Top of RECORDS TO PROCESS

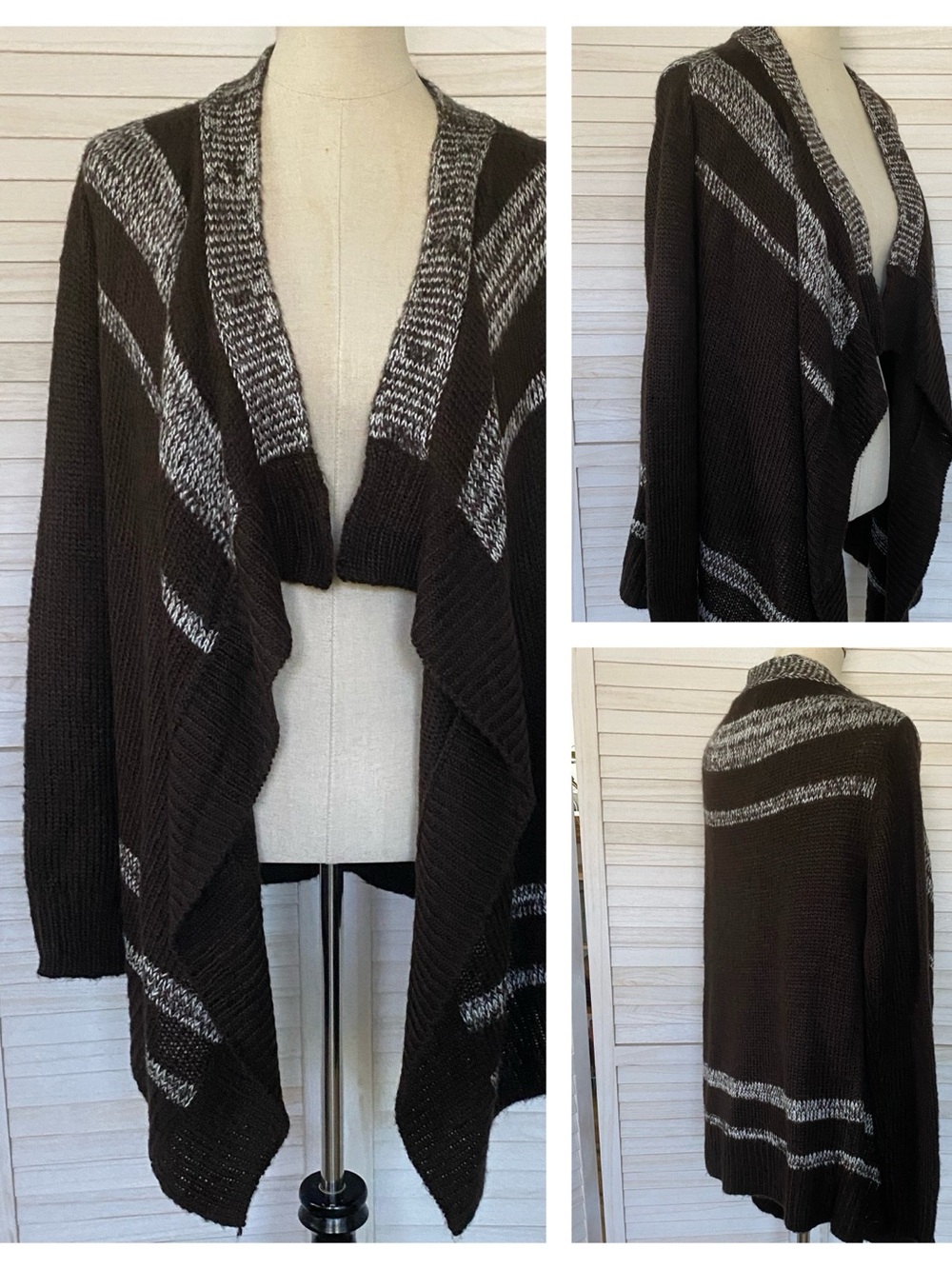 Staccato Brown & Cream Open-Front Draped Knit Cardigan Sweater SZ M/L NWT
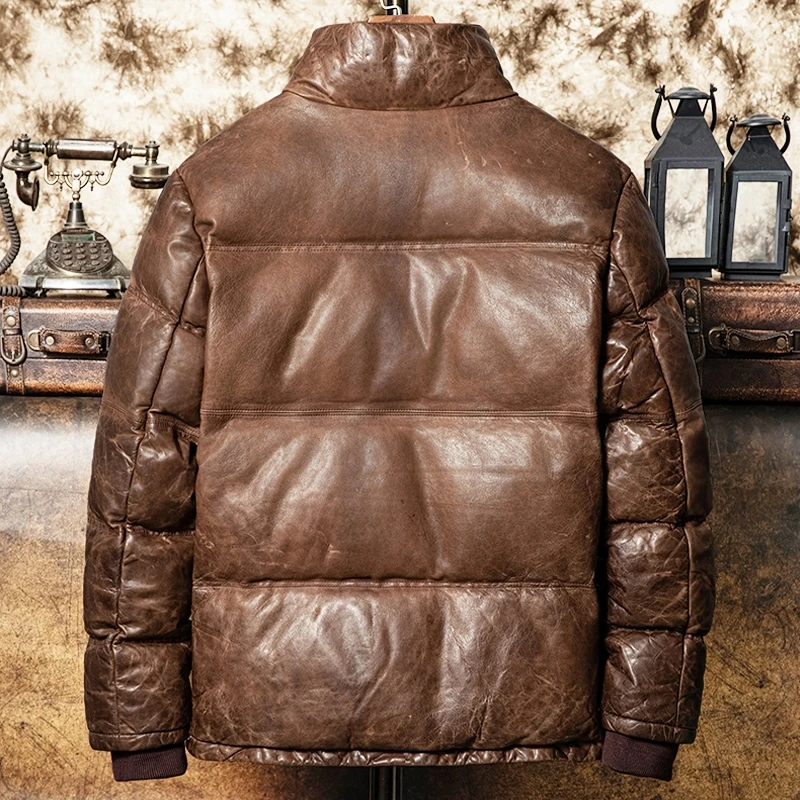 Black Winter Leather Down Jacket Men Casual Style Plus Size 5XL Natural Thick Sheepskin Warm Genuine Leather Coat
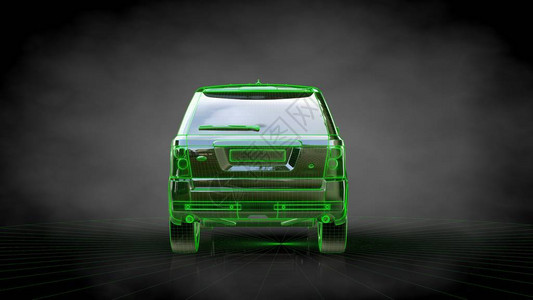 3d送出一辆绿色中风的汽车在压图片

Bottom of RECORDS TO PROCESS
Top of RECORDS TO PROCESS

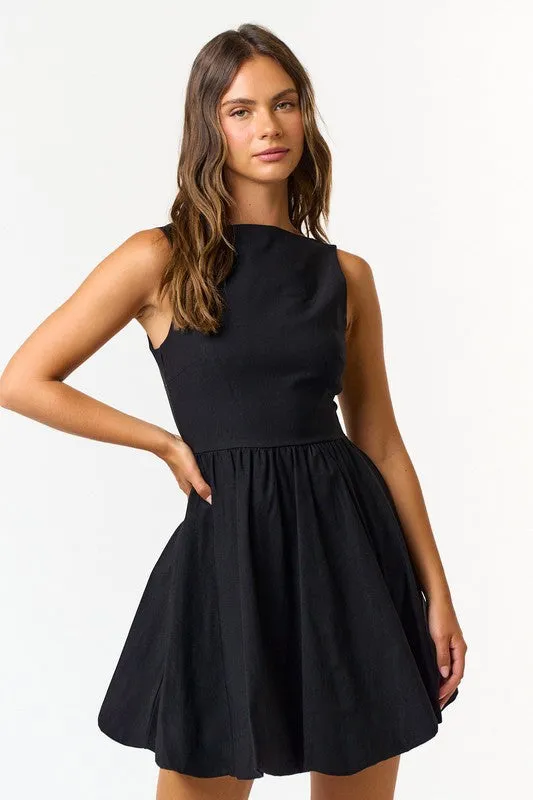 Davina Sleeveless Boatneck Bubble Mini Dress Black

Bottom of RECORDS TO PROCESS
Top of RECORDS TO PROCESS

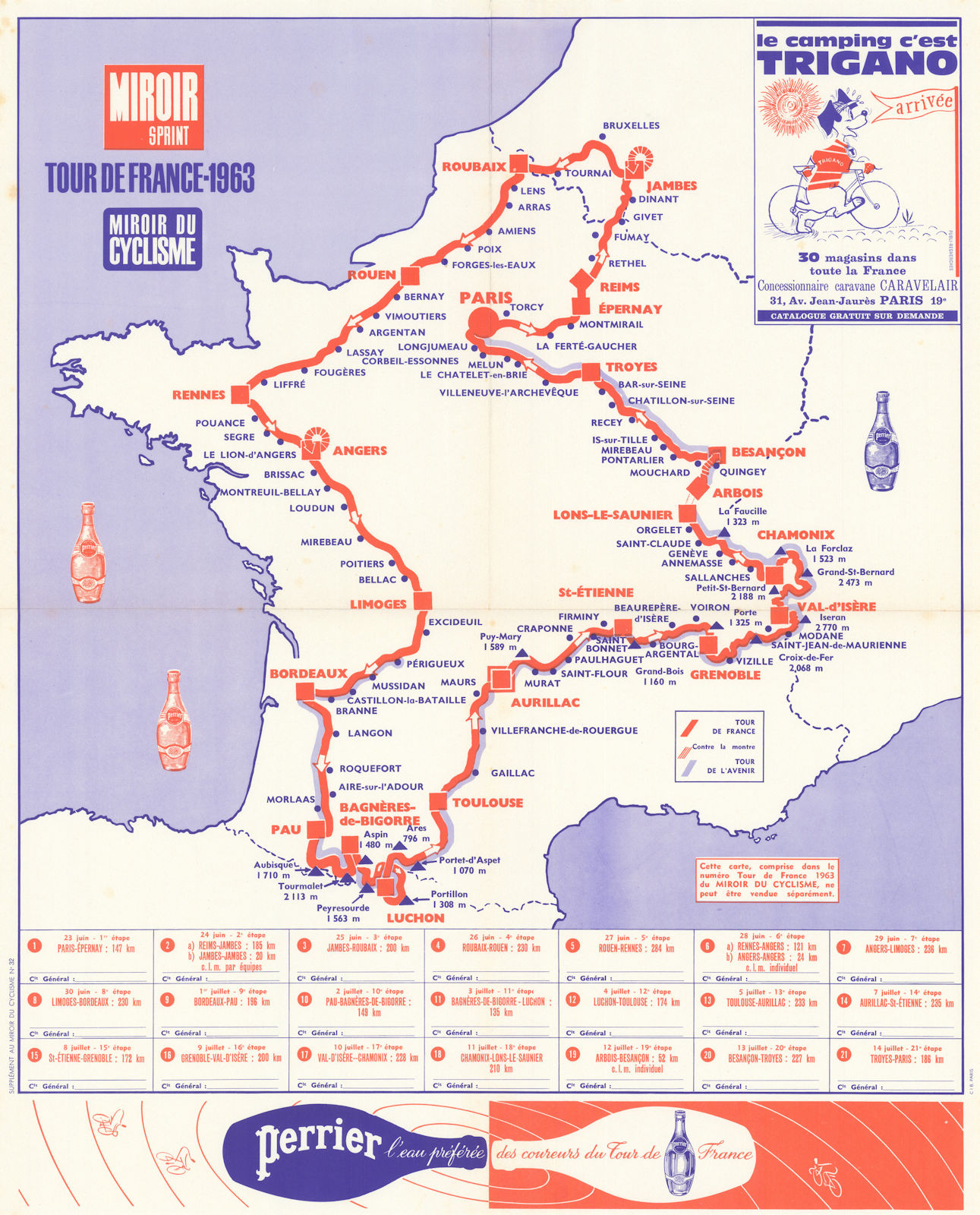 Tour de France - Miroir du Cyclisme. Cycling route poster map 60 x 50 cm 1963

Bottom of RECORDS TO PROCESS

> TASK:
Pictures excluded, reproduce only the part above that opens with the line holding "Black Winter Leather" and closes with the line holding "3d送出一辆绿色中风的汽车在压图片", exactly as written.

> RESPONSE BOX:
 Black Winter Leather Down Jacket Men Casual Style Plus Size 5XL Natural Thick Sheepskin Warm Genuine Leather Coat
 3d送出一辆绿色中风的汽车在压图片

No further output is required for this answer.